Prop 5 bonding for transportation?

Proposition 5

A Yes on 5 website offers details in support of the proposition. The arguments against, on the voter information guide, are just the standard anti-tax voice, so isn’t useful to this post, but you can read your guide if you are interested. Prop 5 was placed on the ballot by the legislature, as a result of two legislative resolutions. The proposition is entitled “Proposition 5: Allows Local Bonds for Affordable Housing and Public Infrastructure with 55% Voter Approval.
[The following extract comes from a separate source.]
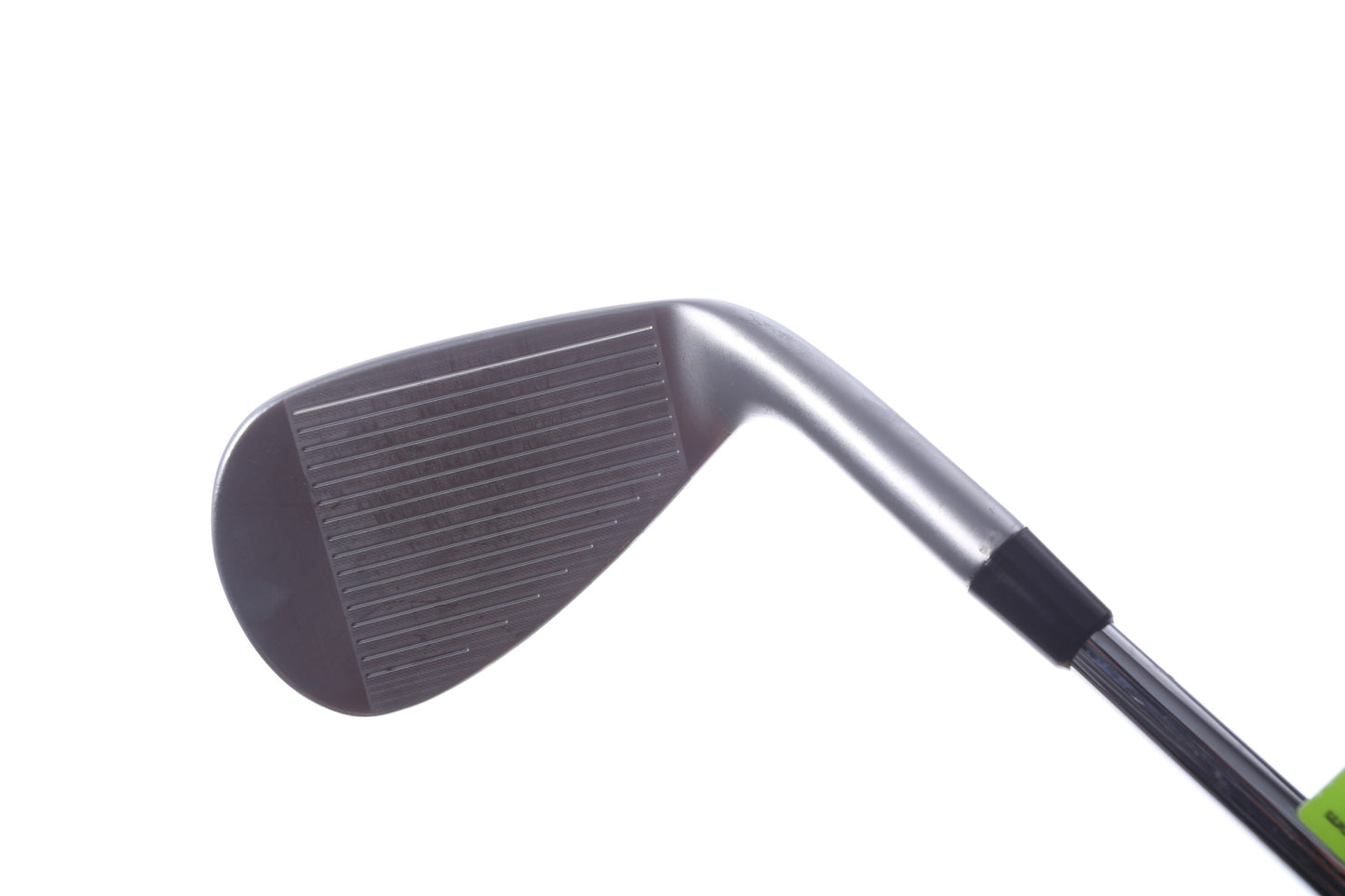 Used Cleveland ZipCore XL Pitching Wedge - Left-Handed - 43 Degrees - Wedge Flex-Next Round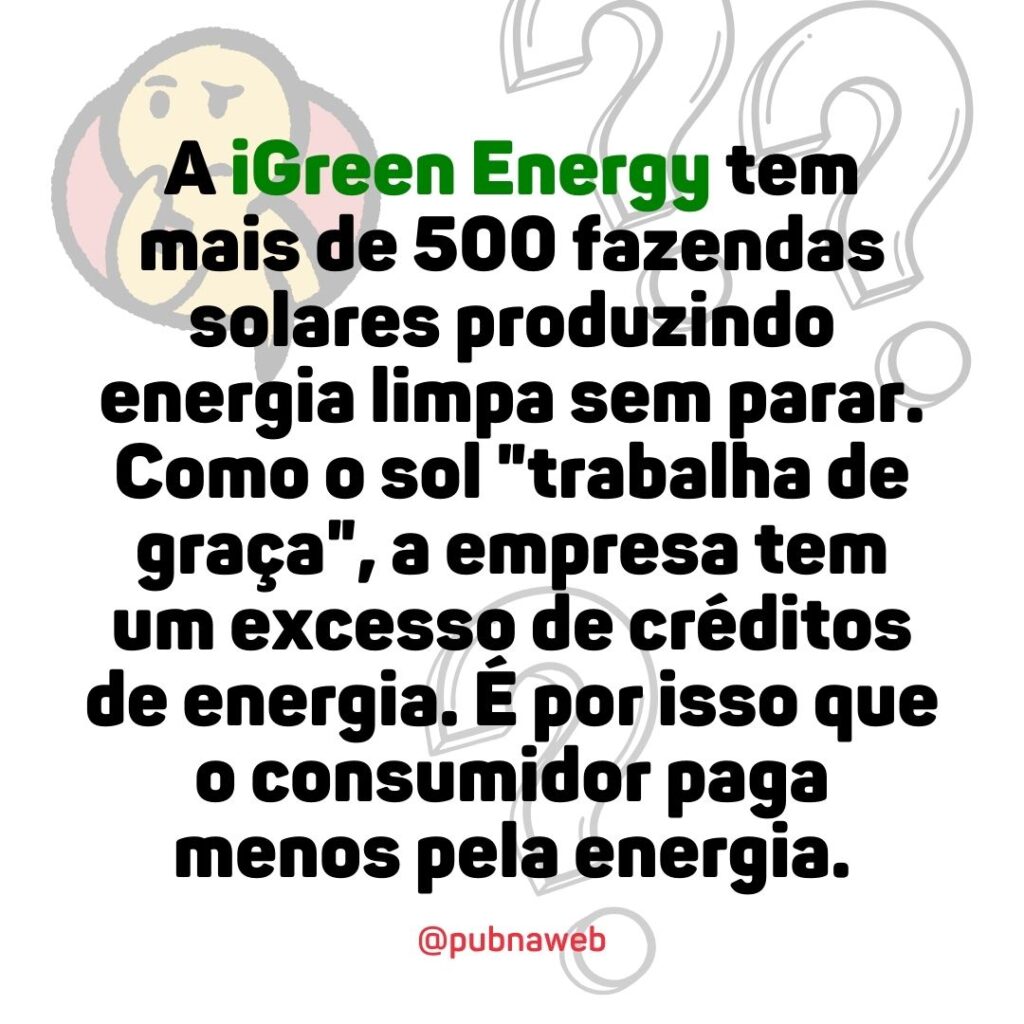 Instagram post from pubnaweb. This post is in position 5.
The proposition would change the voting threshold from two-thirds, 67%, to 55%, for ballot measures by cities, counties and special districts (does this include SacRT?) that bond against property taxes for the purposes of affordable housing and public infrastructure. The proposition does not directly raise property taxes, nor would local bonding measures directly raise taxes, though since the bonds have to be repaid with interest, property taxes could eventually go up within the limits sets by other legislation. This has nothing to do with sales tax, which remains at two-thirds for govenment proposed sales taxes, and 50%+1 for citizen proposed measures.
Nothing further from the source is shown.